§ What you need to do: Reproduce only the lines below from the line containing "1999 Dodge Ram" to the line containing "Used 2023 Ferrari Roma RWD image 20", exactly as written, with both end lines kept. Omit the pictures.

§ Supplied records:
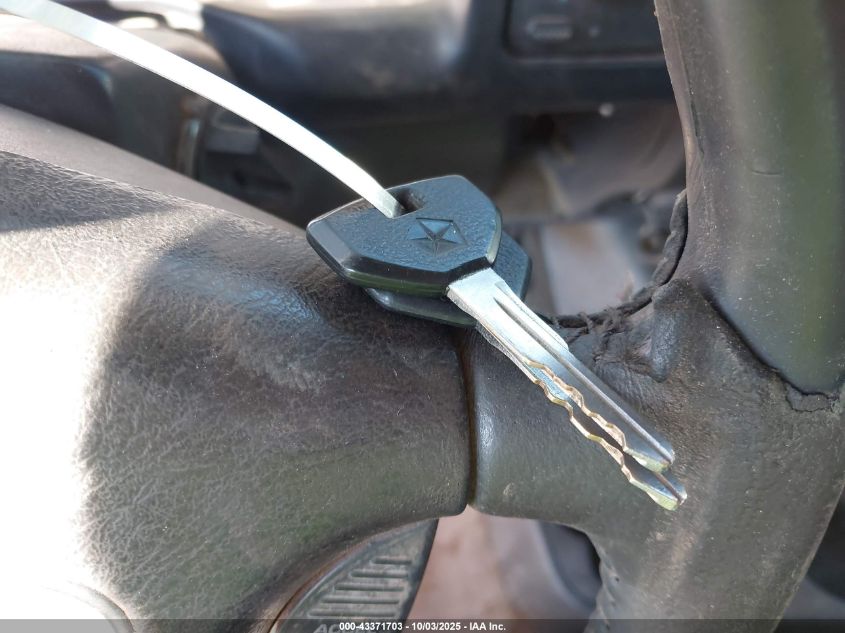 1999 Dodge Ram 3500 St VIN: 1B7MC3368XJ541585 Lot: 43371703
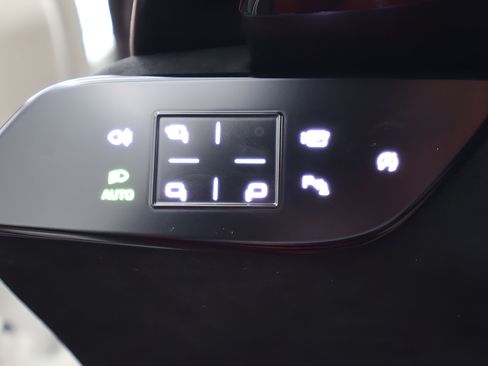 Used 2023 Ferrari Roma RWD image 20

--

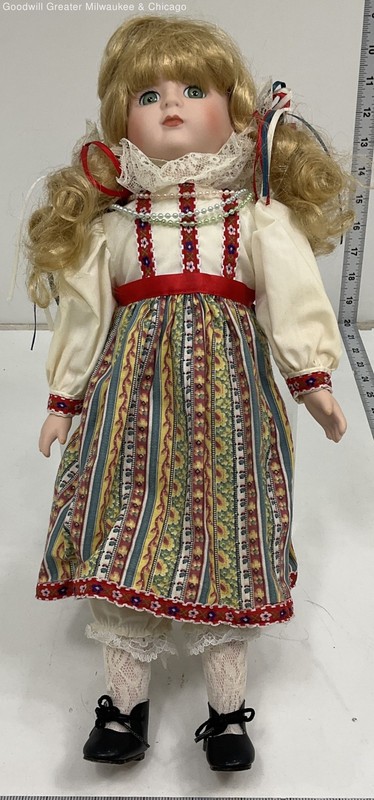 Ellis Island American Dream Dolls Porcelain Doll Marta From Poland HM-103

§ Response to this exercise:
 1999 Dodge Ram 3500 St VIN: 1B7MC3368XJ541585 Lot: 43371703
 Used 2023 Ferrari Roma RWD image 20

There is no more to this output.